3 Differences Between an RN and a Nurse Practitioner


Many people are interested in working in health care, and specifically in nursing, but it can be confusing to understand all the different types of nursing degrees and what they mean. There are many kinds of nurses, and some career paths require more training or additional certifications than others. Fortunately, there are plenty of resources available both online and off that can help you understand your options within the nursing field. If you’re considering a career in nursing, read on to learn three key differences between an RN and a nurse practitioner.

1. A nurse practitioner must have a graduate degree in nursing.

One of the primary differences between registered nurses (RNs) and nurse practitioners (NPs) is the amount of schooling required. Registered nurses have to earn an accredited degree, then pass the National Council Licensure Exam (NCLEX) and apply for state licensure. NPs need a master’s degree in nursing (MSN) and must complete more clinic hours than RNs. NPs can even pursue other certifications to work with specific patient populations. If you have an associate degree or diploma in nursing, you may want to look into RN to NP programs to see if continuing your education could help you take the next step in your career.

If you’re in the process of applying for a degree program, you may want to look into working with a college admissions company. A professional admissions counselor has years of experience helping students like you get into their top-choice schools. With acceptance rates getting lower every year and competition increasing for spots in elite universities, you should do everything you can to make yourself stand out as an applicant.

2. RNs have more limited observation and care responsibilities.

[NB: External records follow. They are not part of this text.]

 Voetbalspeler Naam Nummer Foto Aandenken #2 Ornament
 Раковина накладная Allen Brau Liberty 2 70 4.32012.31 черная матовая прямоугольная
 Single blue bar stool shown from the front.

RNs and NPs both have duties related to patient observation and care, but NPs are permitted to prescribe treatment, order tests, and diagnose patients. RNs usually work under a physician who is responsible for coming up with a treatment plan, diagnosis, and managing follow-up care. The educational background and additional training required is the main reason why nurse practitioners have more responsibility and autonomy.

3. Nurse practitioners earn a higher average salary.

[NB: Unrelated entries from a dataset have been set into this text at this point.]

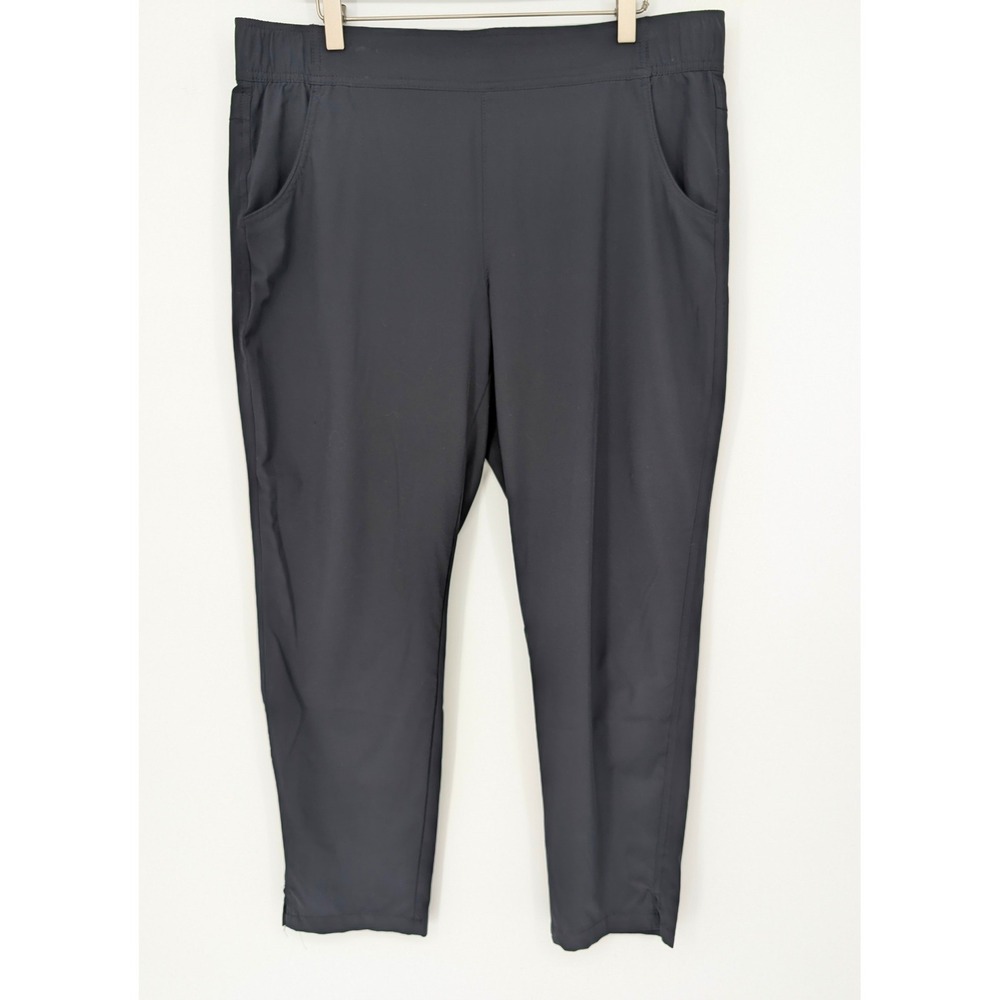 Eddie Bauer Traveler Ankle Pant Womens L Black Stretch Hiking Active Outdoor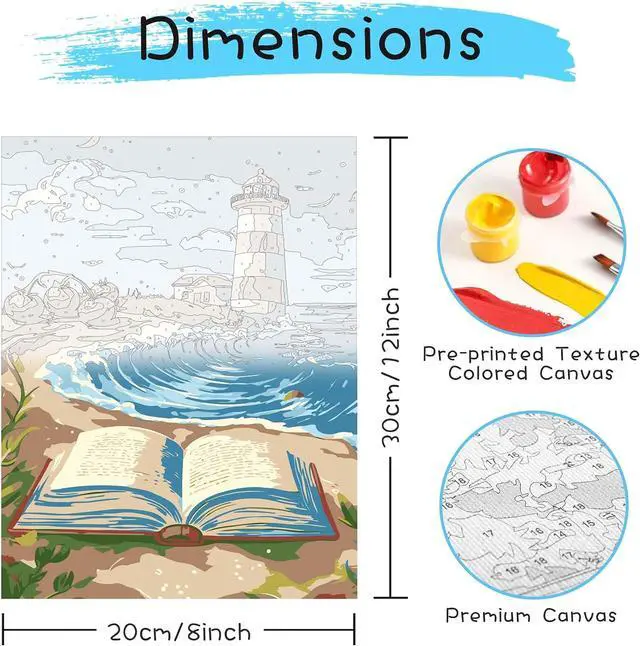 Alt view image 6 of 7 - Framed Paint by Numbers Kit for Adults & Beginner - 8x8 Inch Canvas Christmas Paint by Numbers - Snowman Educational & Creative Art Set for Beginners - Perfect for Home or Wall Decoration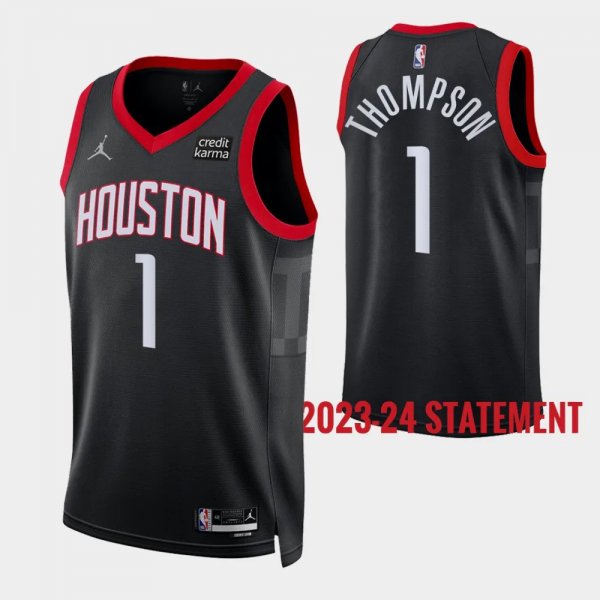 2023-24 Statement Edition Houston Rockets #1 Amen Thompson Black Swingman Jersey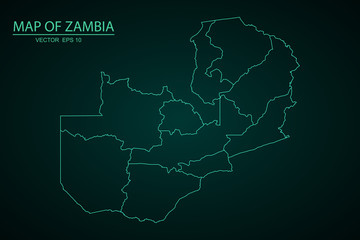 Fototapeta premium Map of Zambia - Blue Geometric Rumpled Triangular, Polygonal Design For yours. Vector illustration eps 10. - Vector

Though RNs and NPs both typically earn above-average salaries with generous benefits, nurse practitioners have a median wage of over $110,000 in the United States, while the median pay for an RN is just over $75,000. NPs do tend to out-earn RNs, in large part due to the fact that their work requires more education, advanced training, and specific certifications. The more skills you’re able to master, the better your wage is likely to be.

No matter what type of nursing degree you decide to pursue, it’s important to keep in mind that the medical field can be difficult and stressful, especially now. Finding ways to care for your mental and physical health, even when your job is demanding, will be essential if you want to have a long and successful career. Long shifts often make getting enough sleep uniquely challenging for health care workers, but sleep deprivation can cause everything from memory problems to weakened immunity. If you struggle to fall or stay asleep, start looking for products and techniques that can help you get a good night’s rest.

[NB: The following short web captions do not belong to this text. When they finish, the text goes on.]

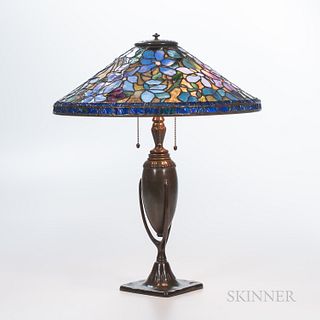 Tiffany Studios Table Lamp with Crist Studios Clematis Shade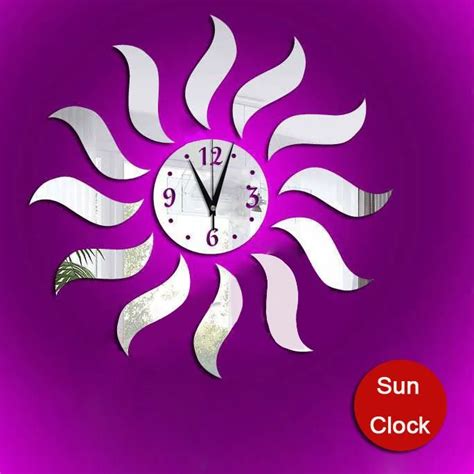 Sunshine Wall mirror clock Sticker ,Removable Acrylic Decal Simple Mirror Effect Style, digital ...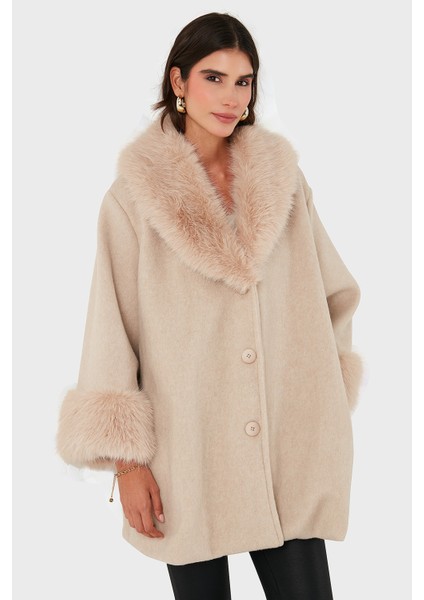 Via Dante Oversize Fit Şal Yaka Kürk Detaylı Astarlı Mont Bayan Mont 690852 indirimleri
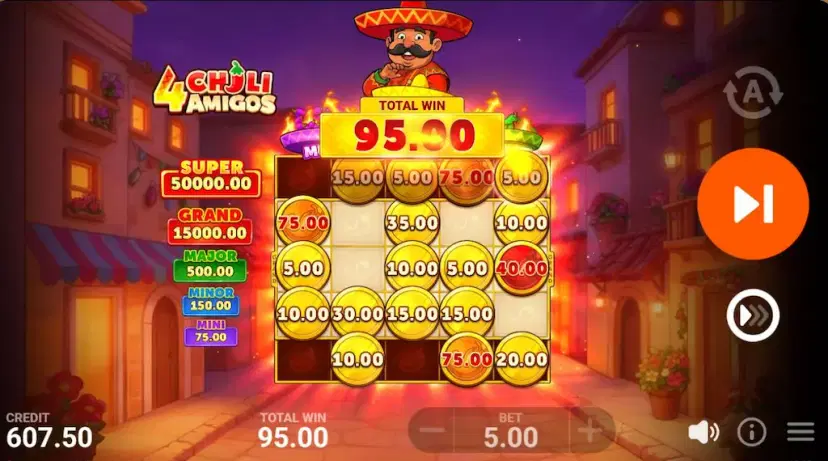 4 Chilli Amigos Hold & Win Super Bonus Game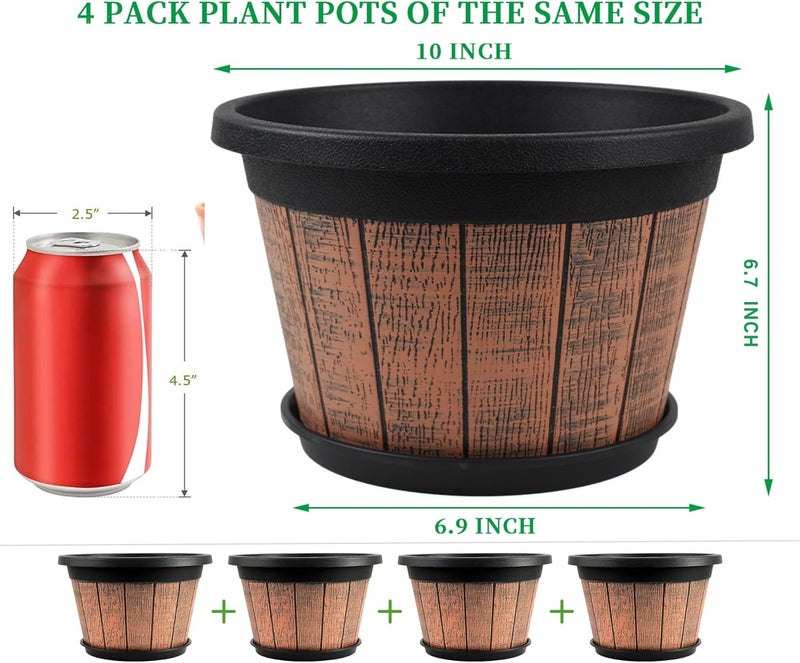 Quarut 4 Pack 10 inch Plant Pots,Upgrade Whiskey Barrel Planters with Drainage Holes & Saucer,Plastic Decoration Flower Pots Retro Design,Planters for Outdoor Indoor Garden Home Plants (Brown) - Image 2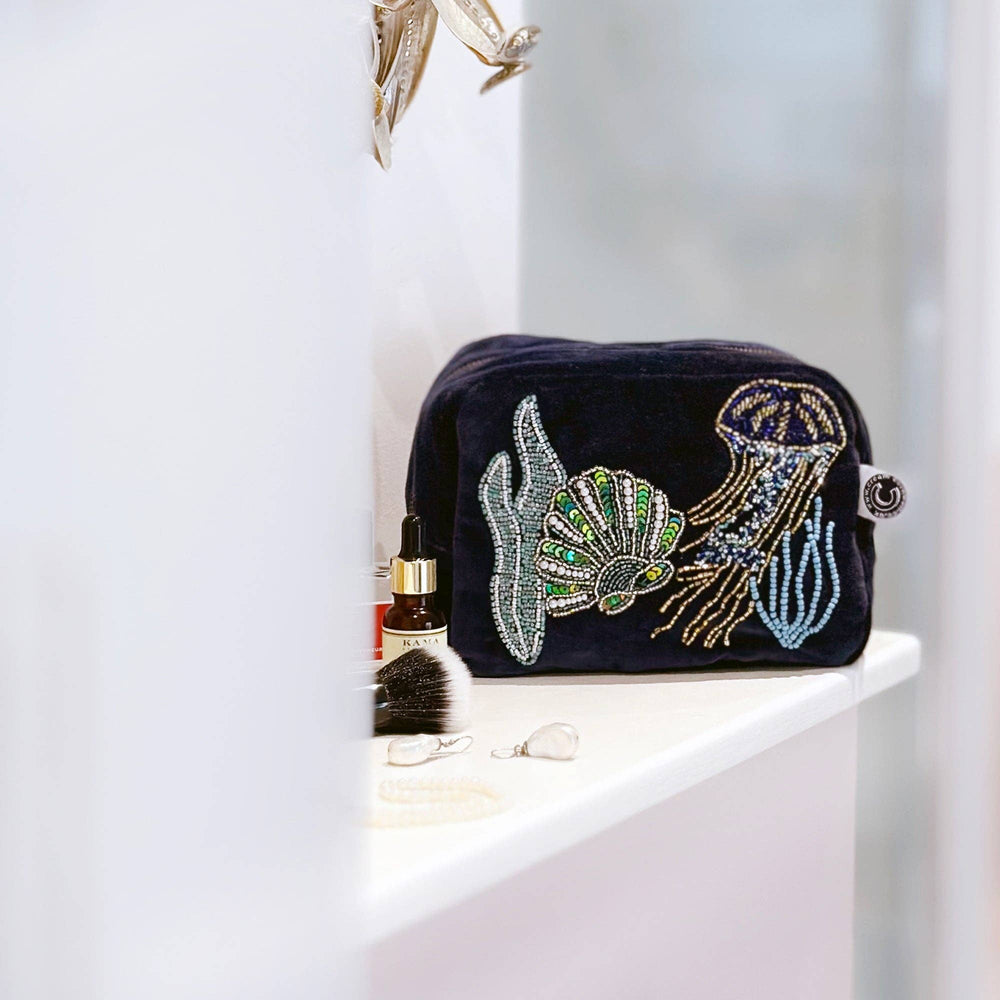 Cream Cornwall |Velvet Beaded Jellyfish Cosmetic Bag - Monica Luz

Nursing can provide a challenging and rewarding career path for those who want to work in health care, but there are several different types of nursing jobs. The most significant difference between these jobs is the educational background you’re required to have. Nurse practitioners make more money and have more responsibility at work, but you do need an MSN to qualify for nurse practitioner jobs. Becoming an RN requires less schooling, which may make it more accessible for some students. You can also take advantage of an RN to NP program in the future if you decide you want to take the next step in your career.